Gabriel Sherman: Exactly. Its intention being to hold a mirror up to our society, people can look at this movie and take and see what they want to see in it. What a film can do that journalism can’t is convey emotion. Journalism is a great vehicle to convey information but cinema and art is a realm of emotion. As long as people are feeling something and seeing this film, that’s a success. When I was starting to write the movie, I read this piece in The New York Times by Ezra Klein who wrote that Trump’s secret weapon is that he lacks inhibition. He has no filter, that’s what people find so appealing about him.
Trump’s character is like: imagine how you could go through the world if you just did whatever you want and didn’t care what people think. That’s appealing to a lot of people, our politicians need to start to wonder if people feel so constricted by our culture, where they can’t say or do things without the fear of offending, if then they find relief in somebody like Donald Trump. His lack of inhibition was something that his election really brought into the front of my head.
Q : Can you talk about navigating the line between an impersonation and a performance? How did you avoid essentially falling into caricature?
Jeremy Strong: It’s a slightly inarticulable thing. There is the risk involved of doing something simply mimetic, an impersonation that’s a very surface level approach. For me, it has to begin with a tremendous and inexhaustible amount of research. Educating yourself about the person, about the milieu that they lived in, about the time. You have to absorb everything and take all that information, but you’re also looking for clues. You become an obsessive detective, looking for visceral clues for what it was like to be that person, what drives him, what is his private interior world, what is his secret pain or shame or anguish. And then you try to feel these things, inhabit them. If you’ve done your work in the right way, that will all be there in your unconscious mind and manifest itself in all kinds of ways when you’re on set making the movie. To me it’s a mysterious process.

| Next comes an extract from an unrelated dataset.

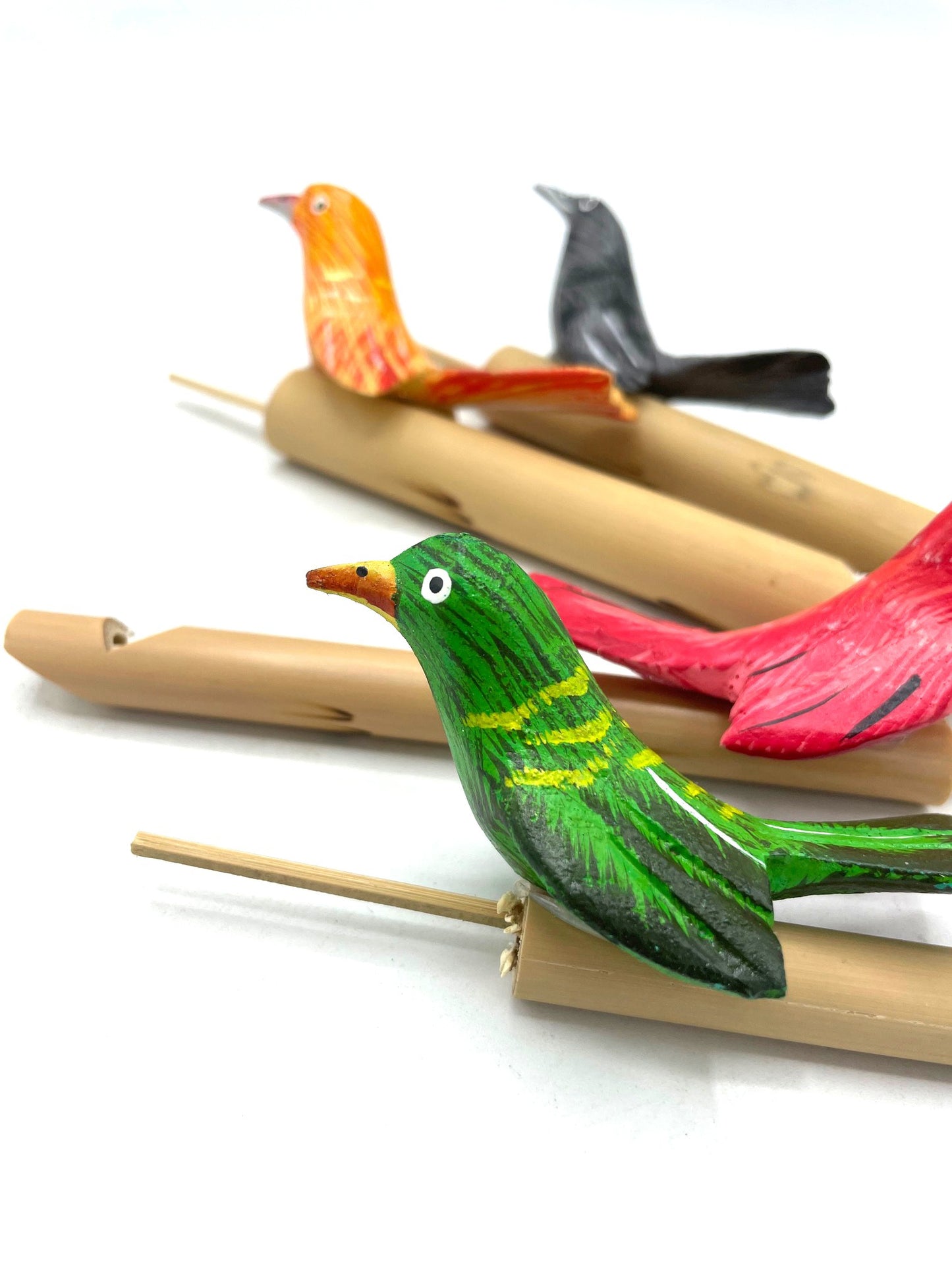 Wooden Bird Whistle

Maria Bakalova: Jeremy spoke so beautifully about it. I’ve never done a real person before. It was a little bit scary, challenging. As Jeremy said, I prepared myself with a lot of research, I watched as many interviews as possible, looked at a lot of documentaries, read her books, it helped to try to put myself in her shoes. But to make it real, as Jeremy said, it’s about the feeling. It’s about the way to recreate the emotion and the reality of what was going on back then, instead of just trying to copy it.
Sebastian Stan: These kinds of parts are really like learning an instrument: you’re sitting there every day for a certain number of hours listening and watching. It’s slow and methodical, you’re practicing it over and over, you just get better and better to the point where you’re doing it without being aware of it.

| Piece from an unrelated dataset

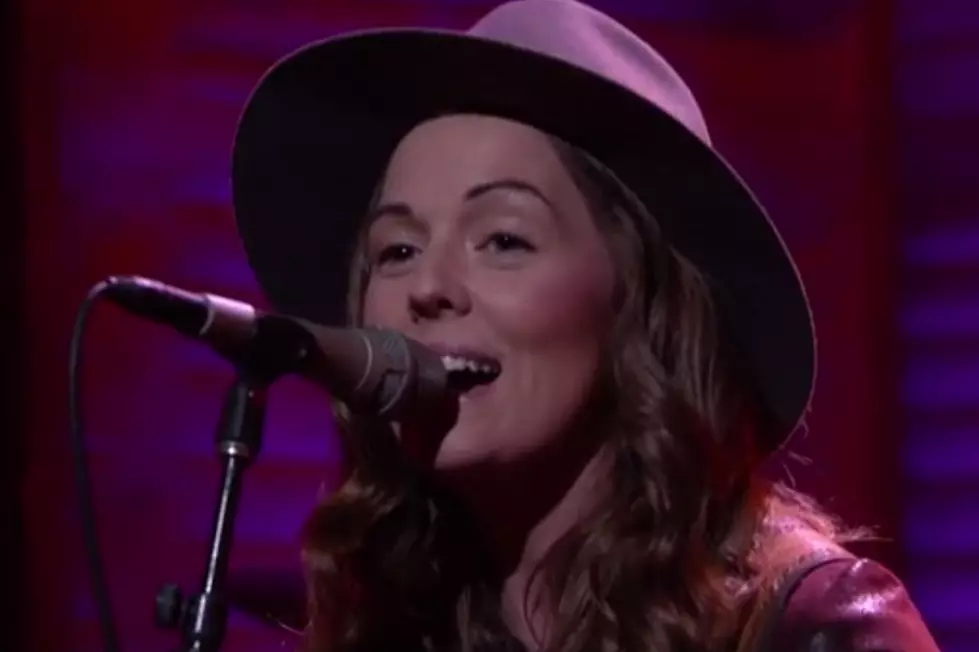 Brandi Carlile Performs ‘Wherever Is Your Heart’ on ‘Conan’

Ali Abbasi: I want to add, and this has been interesting to watch, all these three characters for me are playing another character. In the case of Trump it’s very well documented that there is not only one character, but it’s basically one character per decade. I really feel he is being recycled constantly. It’s been really interesting to see how these guys try to hit both the private person and the character within the character.
Q: How did you get the film to look so authentically like it was being made in the 70s and 80s?

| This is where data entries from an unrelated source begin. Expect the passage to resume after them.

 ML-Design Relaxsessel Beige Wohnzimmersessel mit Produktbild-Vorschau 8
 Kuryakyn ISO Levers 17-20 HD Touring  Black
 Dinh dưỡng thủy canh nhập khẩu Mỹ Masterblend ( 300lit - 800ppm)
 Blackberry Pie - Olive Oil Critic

Ali Abbasi: We tried to go for reality, the banality of reality. We looked a lot at the archival footage of time, newsreels, that base level of reality was captured. I quite honestly dislike it when people tell me that the visuals were amazing, because I’m not putting the camera in a place A to B to look good. I’m putting it where I can capture the most important thing, the actors and the atmosphere. My way of working is always actors first. In this particular instance, the combination of the grittiness of that realism and the servicing of the performances, they came together.